I also meet such problem. on ARM64 platform I also can't restore the task bt; crash> help -m ... [ cut ] ... panic_task_regs: 0 ... but actually I get restore the pc, sp ptr from kmsg print or other way, is there any way to set the x0~x31 and PC, SP ptr by hand? and then the bt can work fine?

-- You are receiving this because you commented. Reply to this email directly or view it on GitHub: https://github.com/crash-utility/crash/issues/22#issuecomment-485438315

You can try using the bt command's "-I -S " options and try to make it work. The two options are designed for the x86_86 architecture, but it's worth a try.

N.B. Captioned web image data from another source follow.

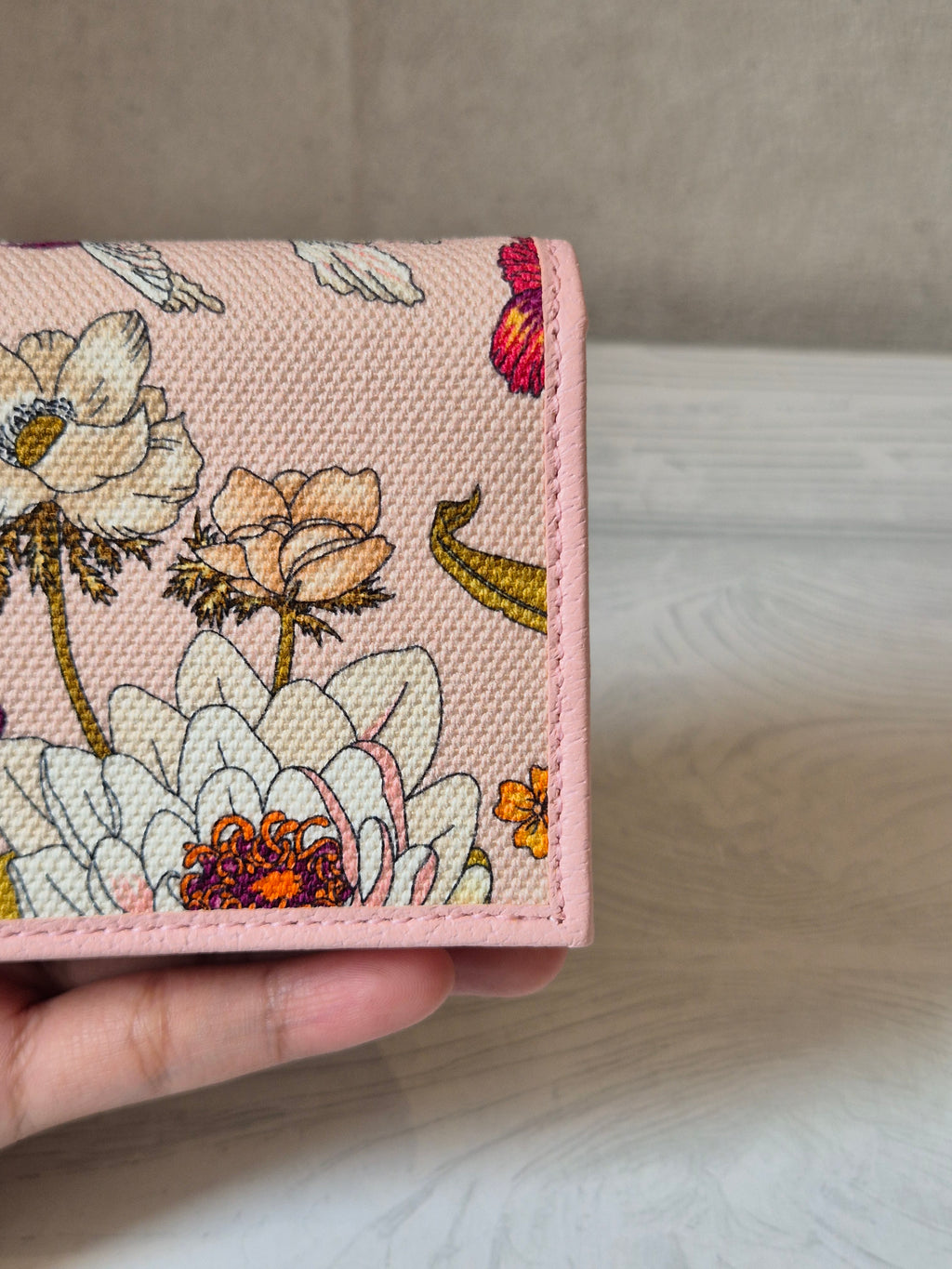 Gucci Compac Wallet Flowers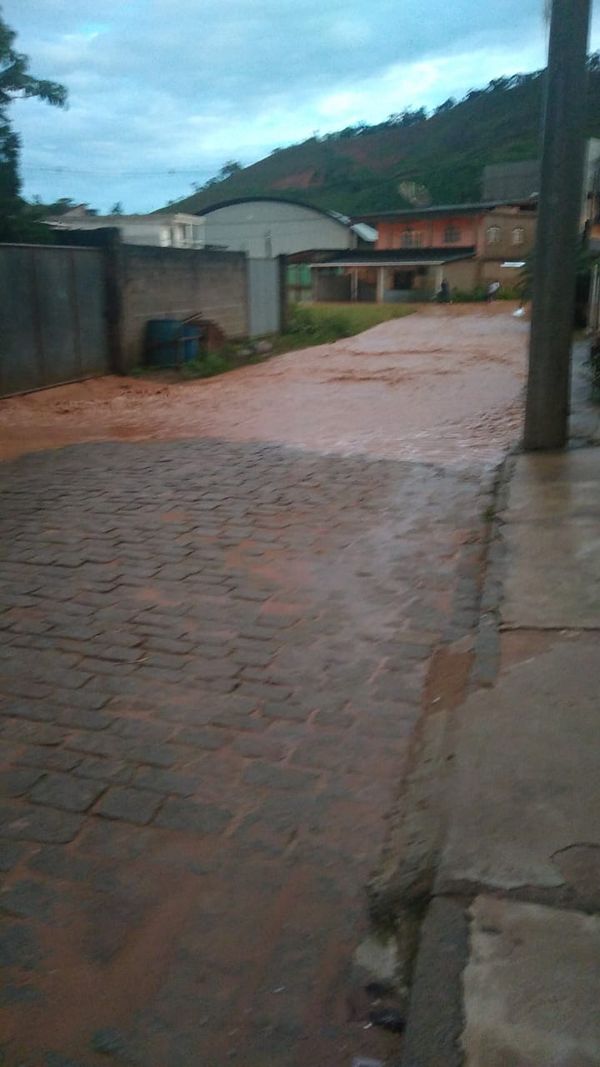 Chuva alaga ruas em comunidade de Alfredo Chaves por Luana Fardin 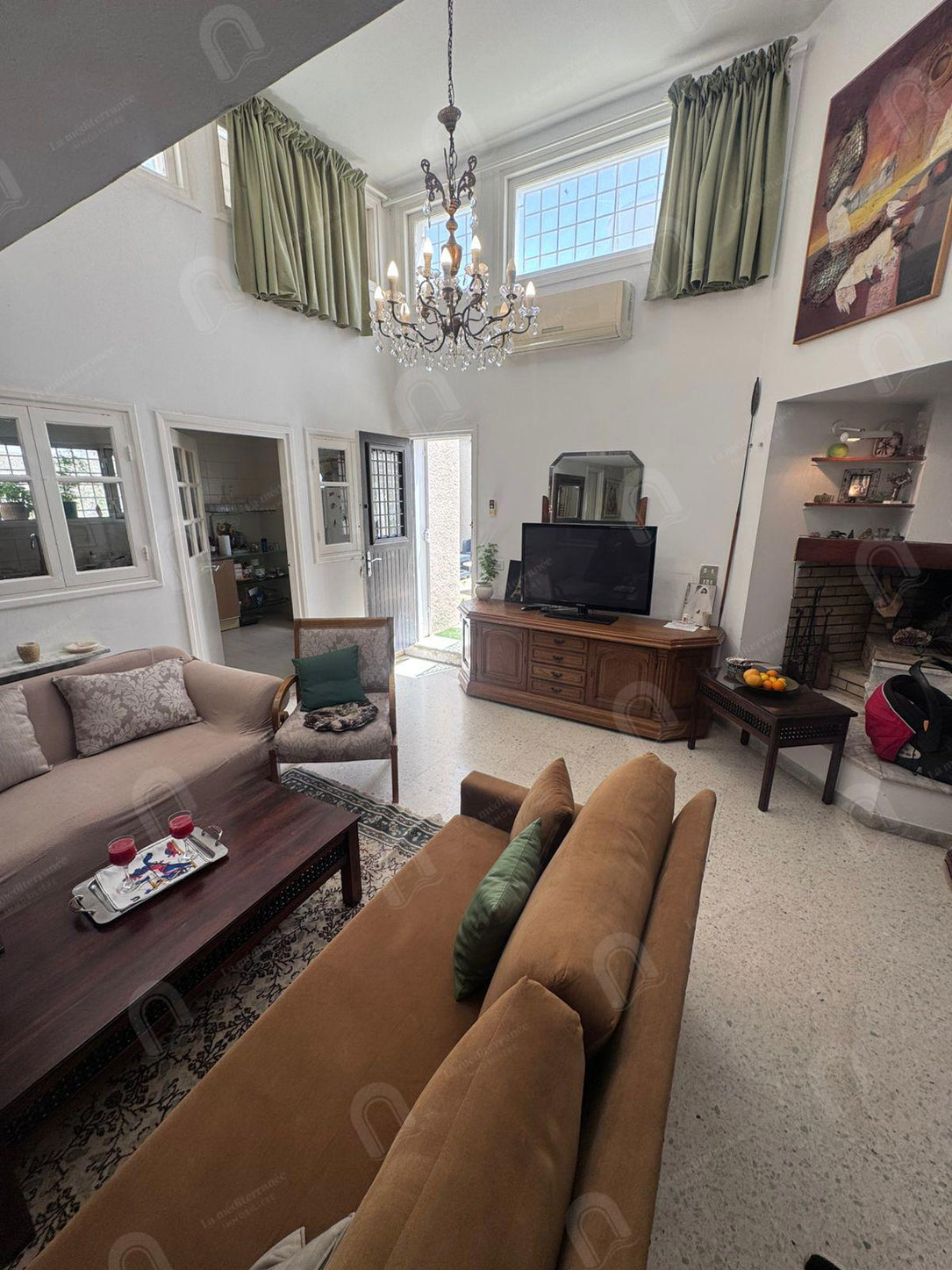 A vendre Villa 2S+5 avec grand jardin à cité romena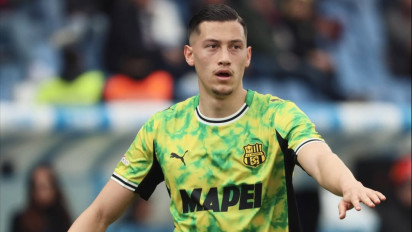 Memang Layak Jadi Kapten Timnas Indonesia! Aksi Berkelas Jay Idzes Lerai Keributan Pemain Sassuolo vs Genoa Jadi Sorotan di Eropa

For example, take the pc and sp arguments from the log:

[ 744.483512] pc : machine_kexec+0x58/0x3e8 [ 744.531499] lr : machine_kexec+0x58/0x3e8 [ 744.579486] sp : ffff000011b4f6a0

and then try "bt -I machine_kexec+0x58" -S ffff000011b4f6a0". If that doesn't work, try adding or subtracting 8 from the stack address.

Dave

crash-utility avatar Apr 23 '19 13:04 crash-utility

in arm64,the crash tool check pstate

slowpy avatar Jul 09 '20 02:07 slowpy

I also meet such problem. on ARM64 platform I also can't restore the task bt; crash> help -m ... [ cut ] ... panic_task_regs: 0 ... but actually I get restore the pc, sp ptr from kmsg print or other way, is there any way to set the x0~x31 and PC, SP ptr by hand? and then the bt can work fine?

hi

i already debug the function, seems no crash_notes symbol, did you side fix the issue?

Thx.

taigerhu avatar Oct 28 '20 08:10 taigerhu

Hi guys,

I was able to get the bt(still with one error message) by adding/subtracting(yes, both worked) 8 from sp on arm64. The printed register values are not correct though.

image

P.S: help -D and help -m output is attached. help_D.txt help_m.txt

praton1729 avatar Aug 13 '21 09:08 praton1729

Hi guys, I also meet such problem. on ARM64 platform. Adding/subtracting 8 from sp is does not work yet.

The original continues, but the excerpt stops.